Relationships are what life is all about. To make it worthwhile, you want a satisfying emotional and sexual association with somebody. If you don’t have it, you won’t feel complete until you do.

But relationships are eminently tricky. You want to be part of a couple, but you don’t want to be smothered by your partner. Both individuals want to be together, but not 24 hours a day. When both partners work, they leave the nest in the morning, mingle with different people during the daytime, and are happy to meet again in the evening. In other words, you need to take regular breaks from the relationship to make it sustainable.

An individual in a couple is like an apnea diver. After the exhilaration of a deep dive, he must periodically come back for air to continue his activity. Problems will occur if you work together or when you retire. Being on top of each other every minute of the day is mentally exhausting and corrosive. You might like strawberry pie, but not every day of the week.

To test a budding relationship (and I talk from experience), I would recommend a three weeks’ vacation far away from your regular, comfortable environment. If after this time together you are still talking to each other, your relationship has a chance to survive. If not, you are not made for each other and you better call it quit, no matter how painful it can be.

This long preamble brings me to the now infamous Petito/Laundrie affair. Four months together in a small van was a recipe for disaster. A thousand things could go wrong, (it did) and the couple didn’t have any “boudoir” to decompress. A boudoir by the way is a small room usually adjacent to the bedroom. This word has its roots in “bouder” which in French means to sulk. After a quarrel, the woman would escape to her “boudoir” to regain her composure. Since a small van does have this luxury, you will have to sulk next to your partner and this will make the situation even more uncomfortable.

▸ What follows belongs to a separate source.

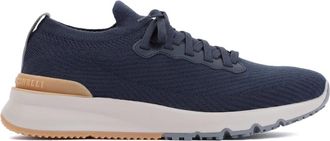 Brunello Cucinelli Marine Wol Veterschoenen - Heren - Sneakers - Blauw - 44 EU - Wol - Schoenen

If you survive a long vacation together, plan to marry, and build a dream house, don’t forget to include a “boudoir” in your project. It is as valuable as a bathroom and can save your marriage. It is as necessary as an internet connection.

Togetherness is one thing, suffocation is another. It is said that absence makes the heart grow fonder, and there is quite a bit of truth in that. Give your partner regular breaks and let him/her blow off some steam away from you. Reunions will be sweeter and will consolidate your relationship.